Artikel 99 lid 1 van de Gemeenschapsmerkenverordening (GMVo) bepaalt dat aan de rechterlijke instanties, met inbegrip van de rechtbanken voor het Gemeenschapsmerk, van een lidstaat voor een Gemeenschapsmerk of aanvragen om een Gemeenschapsmerk dezelfde voorlopige en beschermende maatregelen kunnen worden gevraagd als het recht van die staat kent voor nationale merken, zelfs indien een rechtbank voor het Gemeenschapsmerk van een andere lidstaat krachtens deze verordening bevoegd is van het bodemgeschil kennis te nemen. Of deze bepaling er in samenhang met de artikelen 123 en 124 van de Verordening (EU) 2017/1001 van het Europees Parlement en de Raad van 14 juni 2017 inzake het Uniemerk in combinatie met artikel 3 van de Uitvoeringswet EG-Verordening inzake het Gemeenschapsmerk toe leidt dat uitsluitend de rechtbank Den Haag, en in kort geding de voorzieningenrechter van de rechtbank Den Haag, bevoegd is in zaken betreffende (inbreuken op) Uniemerken, is op dit moment nog ongewis. De Hoge Raad heeft in een soortgelijke zaak op 2 november 2018 een prejudiciële vraag gesteld aan het Europese Hof van Justitie (ECLI:NL:HR:2018:2027) en op dit moment is daarop nog niet geantwoord. Gelet op de huidige onzekerheid over de uitleg van artikel 99 GMVo zolang de prejudiciële vraag nog niet is beantwoord, ziet de voorzieningenrechter aanleiding het er op dit moment voor te houden dat uitsluitend de rechtbank Den Haag en daarmee ook enkel de voorzieningenrechter van de rechtbank Den Haag bevoegd is in zaken betreffende (inbreuken op) Uniemerken.

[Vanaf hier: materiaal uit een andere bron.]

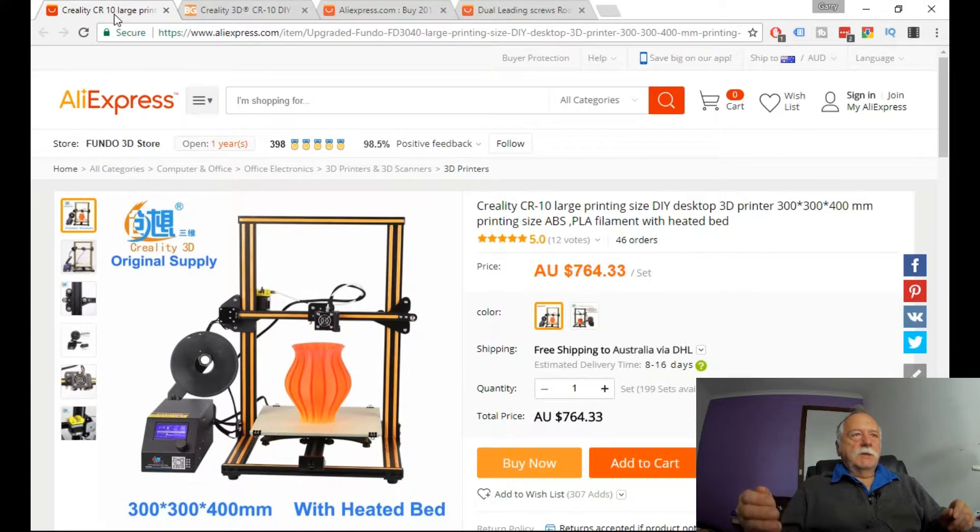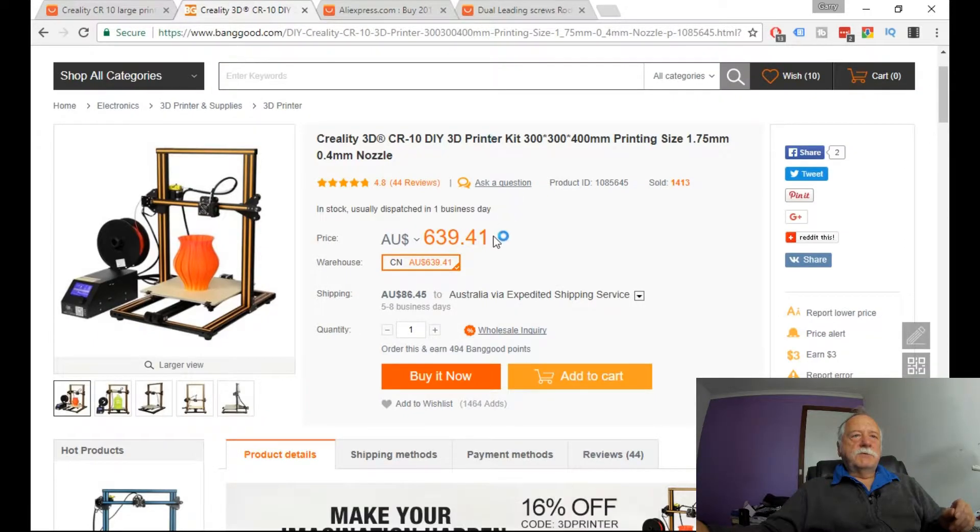I'm looking at buying a 3D printer and I'm looking at the prices at the moment. On AliExpress you can see seven hundred and sixty-four dollars and thirty-three cents, with 8 to 16 days delivery. Now if we go to Banggood, they've got them for six hundred and thirty-nine dollars and forty-one cents, and eighty-six forty-five for delivery.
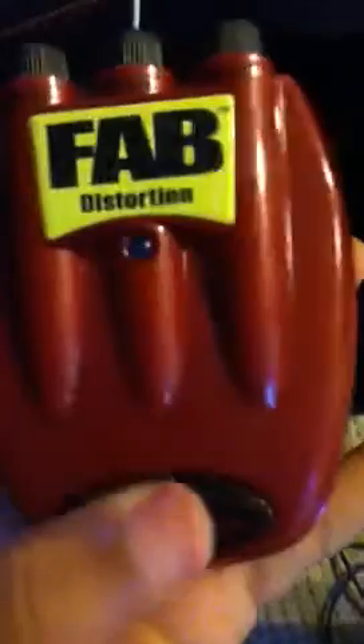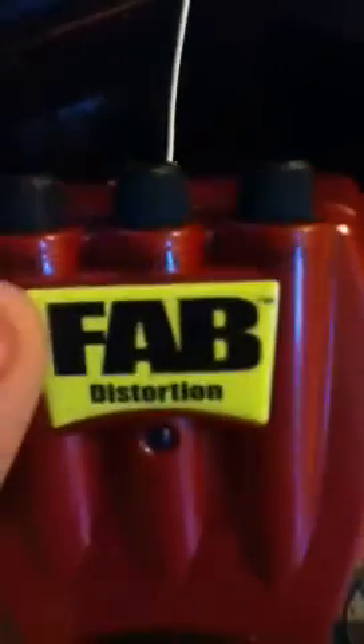The pedal takes nine-volt batteries, which I went and got earlier, or you can use a nine-volt DC plug right there in the center. You've got your basic input, your output, and a light — oh, that's bright — to let you know it's working. On the top you have Level, Tone, and Distortion, abbreviated as DST on the pedal.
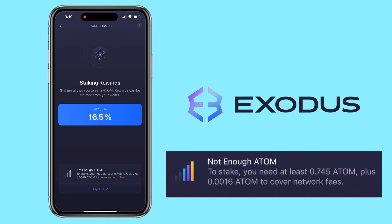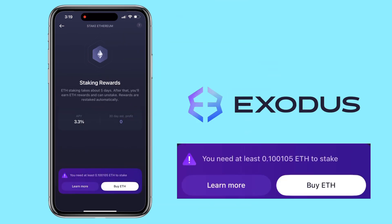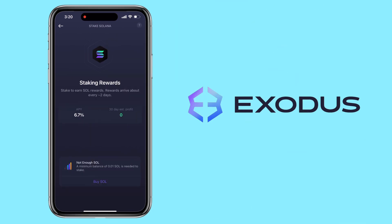You'll also see the minimum staking amounts: at least 0.745 ATOM plus some for the gas fee, Ethereum minimum of 0.18, and Solana minimum of 0.01 SOL.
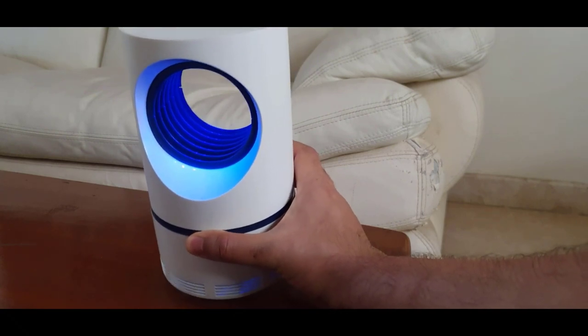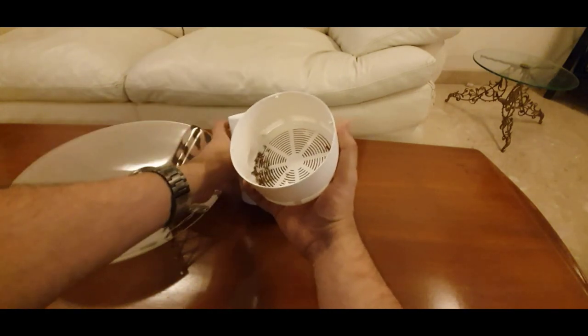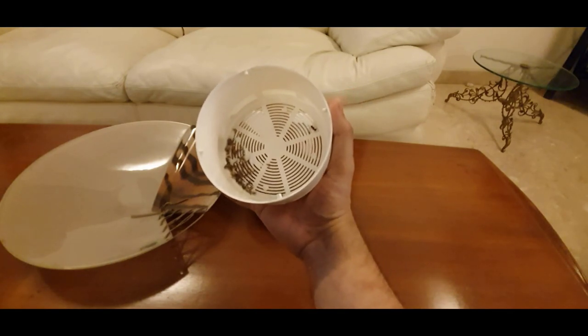And a fan inside that pulls and kills the mosquito. This has been on every night for two weeks — let's see if it's got anything. Oh my goodness, so many mosquitoes! My god, my family must be having very sweet blood for so many mosquitoes to be in my house.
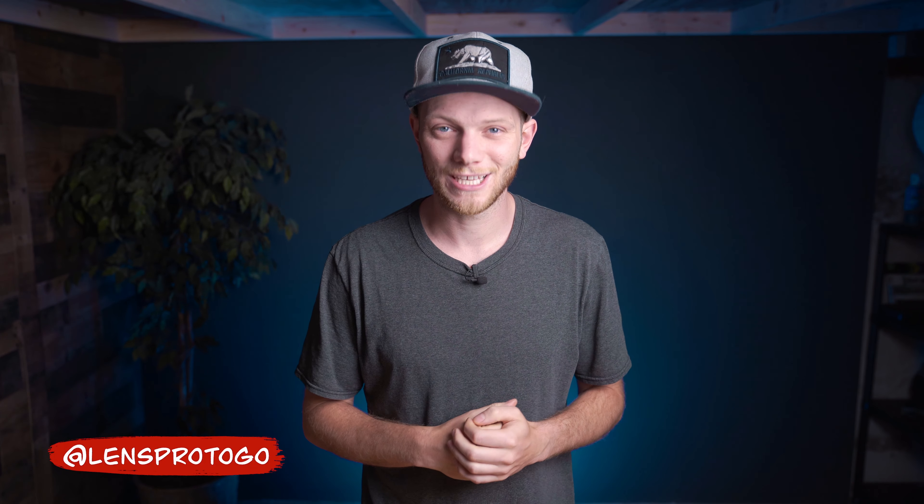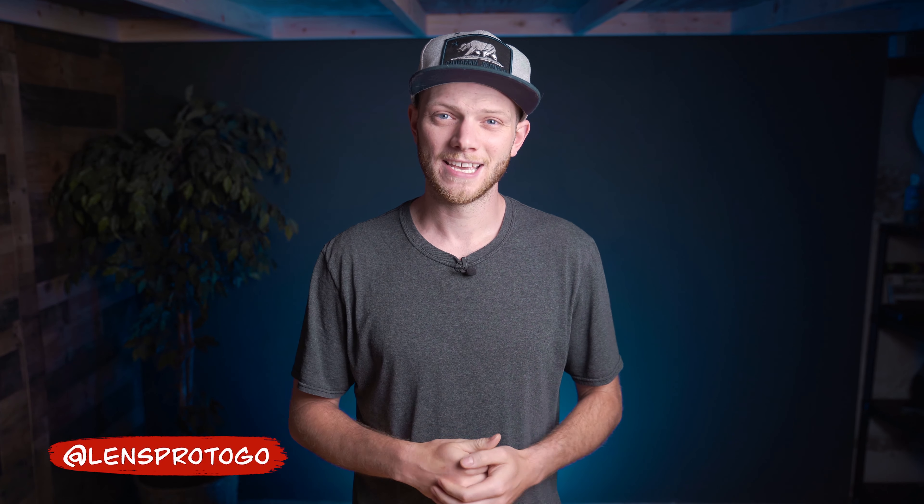What's up everybody? Greg here with LensPortigo and LensRentals, and welcome back to the channel. In today's video I have a very special guest who's going to teach you something about the fundamentals of imaging and show you how to create a camera obscura in your own home. It's a really fun experiment you can do with not a lot of prep and not a lot of materials, so I'm going to throw it over to him and he's going to show you exactly how to do it and teach you some tips and tricks to get the best results possible.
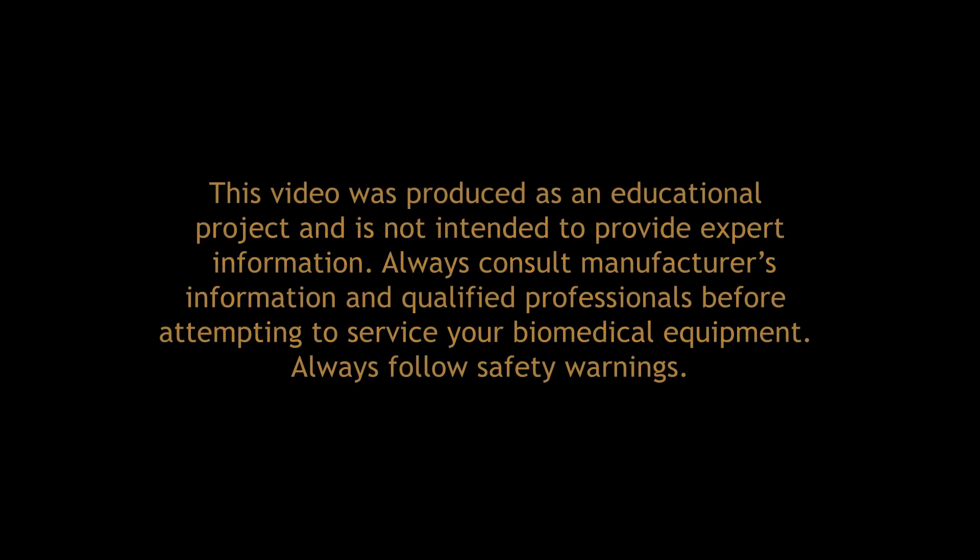This video was produced as an educational project and is not intended to provide expert information. Always consult manufacturer's information and qualified professionals before attempting to service your biomedical equipment. Always follow safety warnings.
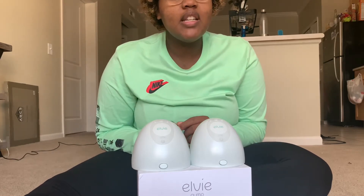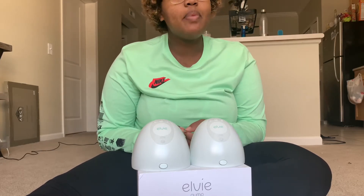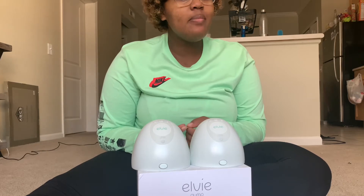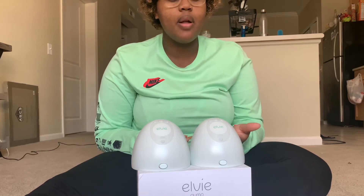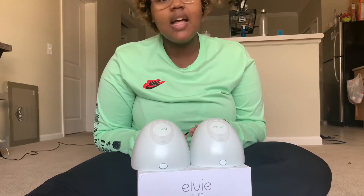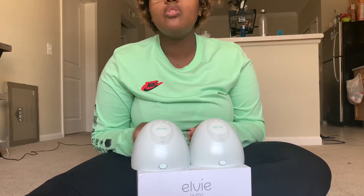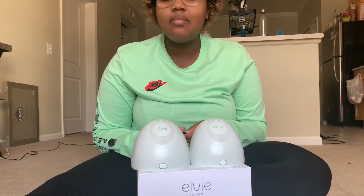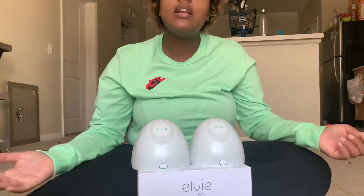First things first — it literally has to be in a perfect condition to work. So if your breasts are really small or really big and don't fit into the 24 or 28 flange, you don't have the perfect condition already, making it even harder to get the ounces you'd normally get. Also, it is not a hospital-grade pump, so you're not getting out the amount of ounces you would from a hospital-grade pump — at least in my experience — which is really disheartening when you're exclusively pumping and need every ounce.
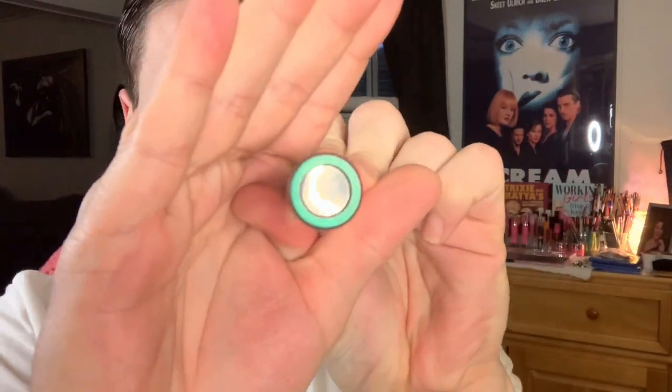Now that Package is nicely blended, going into my She Glam multi-chrome liquid eyeshadow in the shade Opal Essence. I'm taking that on a Trixie Cosmetics P04 brush and this is going to go over the top of Sweetly on the lid as a base for the shimmers.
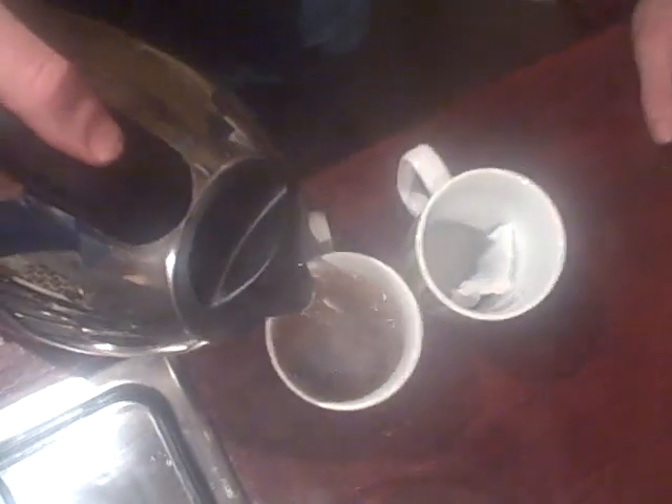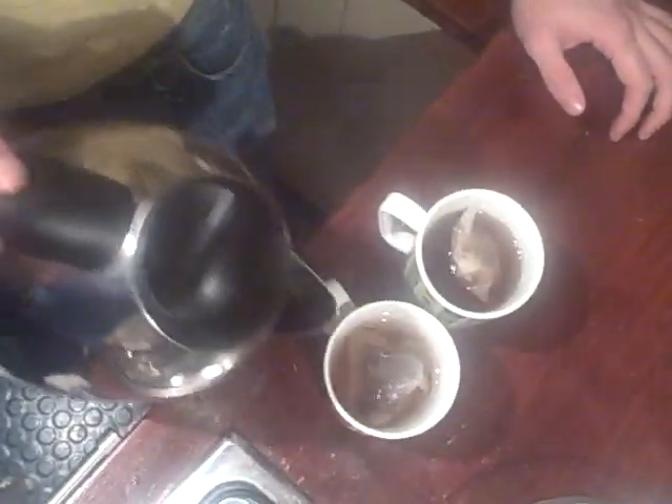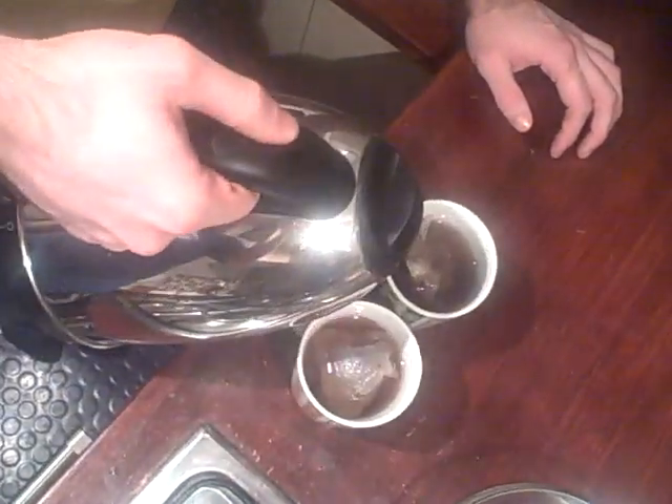Firstly, put it in on the right first. Wait three seconds. Two. Three. And into the left. Top of the right like a pint of Guinness. And the left again.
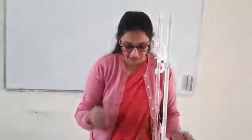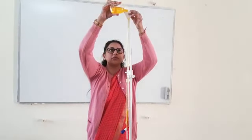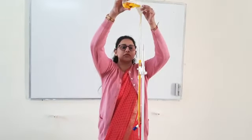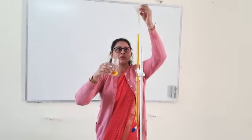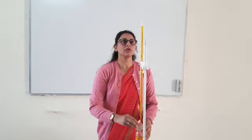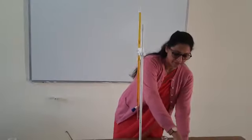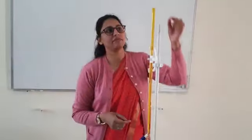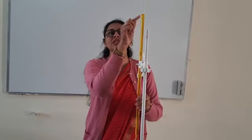We are going to fill this burette with the potassium dichromate solution. I will close this knob, place the funnel, and fill the burette. Since the reading exceeded 0 ml, I poured out some solution to get exactly 0 ml. This burette has a capacity of 50 ml. Since the solution is colored, I will read the upper meniscus, which should match with the 0 ml line of the burette. This is how we have filled the burette with the potassium dichromate solution.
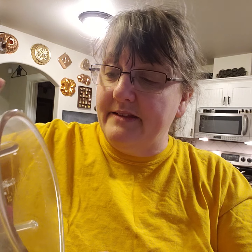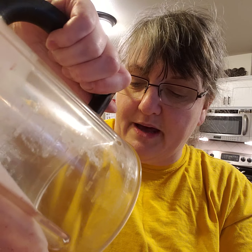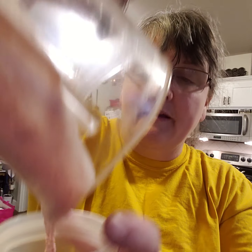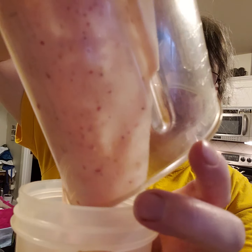I just got finished blending it — you don't need to watch that part, so I sped the video up. This is what it looks like going into the cup. If this amount is too much for you, my recipes are divided in half at the bottom, with the full recipe at the top. You can see it going down as I pour it all out.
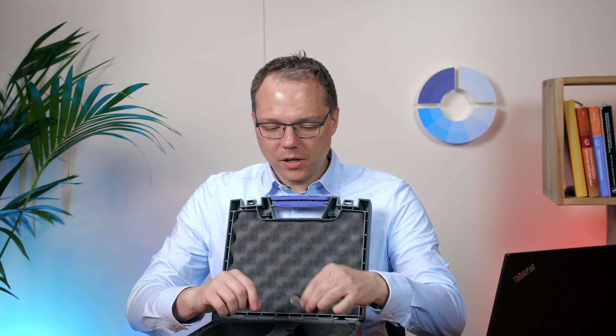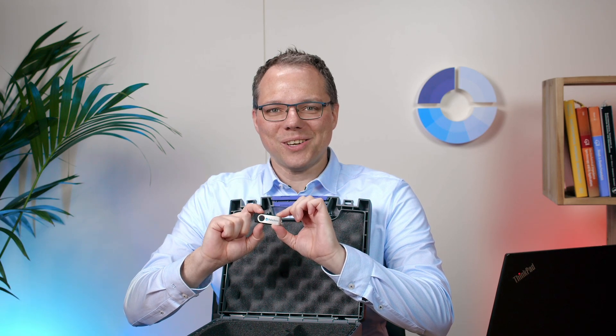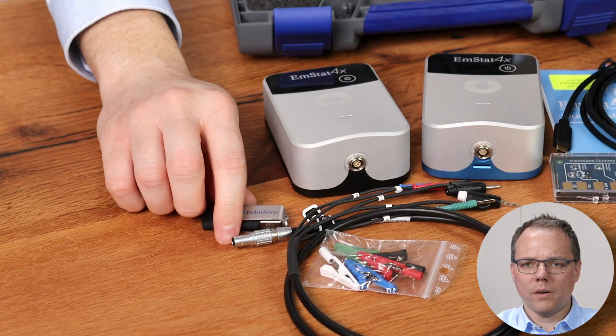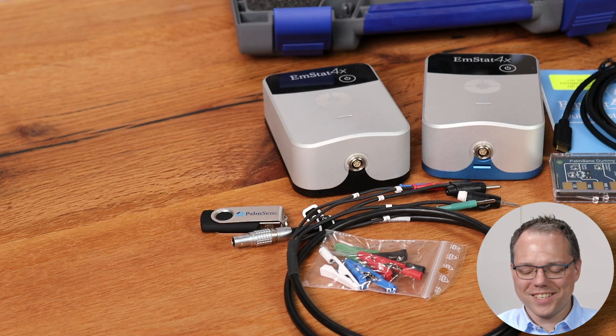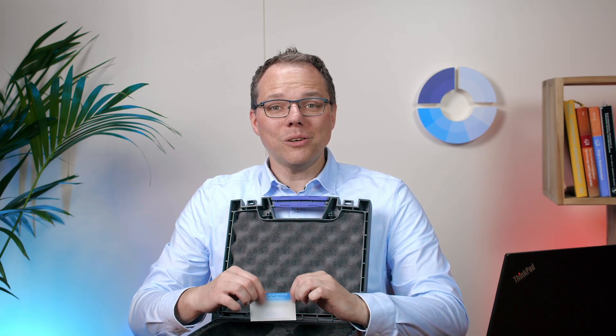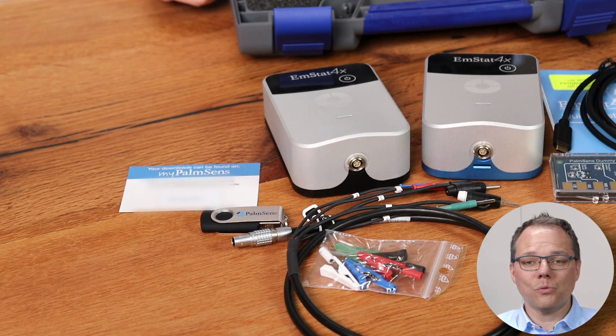We also have a USB stick with our software PS Trace on it, so you can easily install it directly. But if you find that a bit old-fashioned, don't worry — there's also an activation code included that you can use to open an account on our download website so you can download the software.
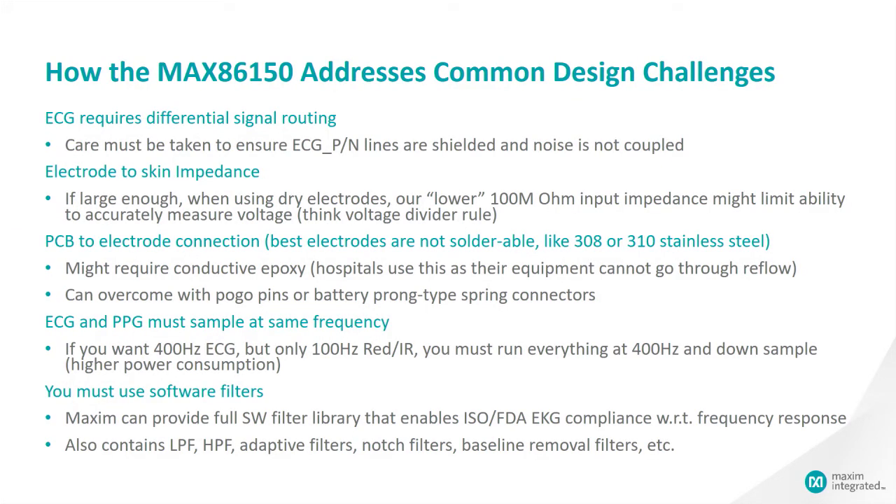So how does this part address the design challenges mentioned earlier? For the differential signal routing, you have to ensure the ECG P/N lines are shielded, which is simple. For the impedance at the contact point of skin and electrode, you have to try to stay above 100 milliohm input impedance for reliable measurements. We recommend conductive epoxy for PCB to electrode connection. Regarding the requirement for PPG and ECG to sample at the same rate, you may choose 400 Hz sample rate for both ECG and LEDs, though you only require 100 Hz for RED and IR LEDs.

De voorzieningenrechter acht zich daarom in dit kort geding onbevoegd van de vorderingen van [eiser sub 1] kennis te nemen en verwijst de zaak wat deze vorderingen betreft naar de voorzieningenrechter van de rechtbank Den Haag.
4.3.
[eiser sub 2] vordert op haar beurt veroordeling van [gedaagde sub 1] tot betaling van een bedrag van € 15.983,77. Aan deze vordering legt [eiser sub 2] ten grondslag dat zij dit bedrag naar aanleiding van een factuur van 11 maart 2019 op 18 maart 2019 aan [gedaagde sub 1] heeft betaald, maar dat de bestelling SALAM-worst waarop die betaling zag vervolgens niet is geleverd. [gedaagde sub 1] heeft ter zitting erkend dat zij de betaling van [eiser sub 2] heeft ontvangen, maar de daarmee beoogde levering van worsten inderdaad niet heeft uitgevoerd. Nu partijen het erover eens zijn dat deze levering ook niet meer zal gaan plaatsvinden en [gedaagde sub 1] ook overigens geen, althans geen gemotiveerd verweer tegen de vordering tot terugbetaling van het reeds betaalde bedrag heeft gevoerd, zal deze vordering worden toegewezen.
4.4.
In reconventie heeft [gedaagde sub 1] opheffing gevorderd van de beslagen die in Barcelona zijn gelegd op de pallets SALAM-worst die ware bestemd voor [groothandel B]. Nog afgezien van de vraag of het in de macht van [eiser sub 1] ligt om deze (in het strafrechtelijk kader gelegde) beslagen op te heffen, houdt de vraag of de beslagen al dan niet rechtmatig zijn gelegd en aldus of deze al dan niet moeten worden opgeheven rechtstreeks verband met de vraag of sprake is van een inbreuk op het Uniemerk van [eiser sub 1] . Met inachtneming van hetgeen over de bevoegdheid in zaken betreffende (inbreuken op) Uniemerken hiervoor in r.o. 4.2. is geoordeeld, zal ook de beoordeling van deze vordering worden verwezen naar de voorzieningenrechter van de rechtbank den Haag.

5.De beslissing

De voorzieningenrechter
in conventie
5.1.
veroordeelt [gedaagde sub 1] binnen zeven werkdagen na de datum van dit vonnis tegen bewijs van kwijting aan [eiser sub 2] te betalen een bedrag van € 15.983,77,
in conventie en in reconventie
5.2.
verklaart zich onbevoegd kennis te nemen van de overige vorderingen,
5.3.
verwijst de zaak in de stand waarin deze zich bevindt naar de voorzieningenrechter van de rechtbank Den Haag.
Dit vonnis is gewezen door mr. G.J. Meijer en in het openbaar uitgesproken in tegenwoordigheid van de griffier mr. E.H.J. Krijnen op 21 juni 2019.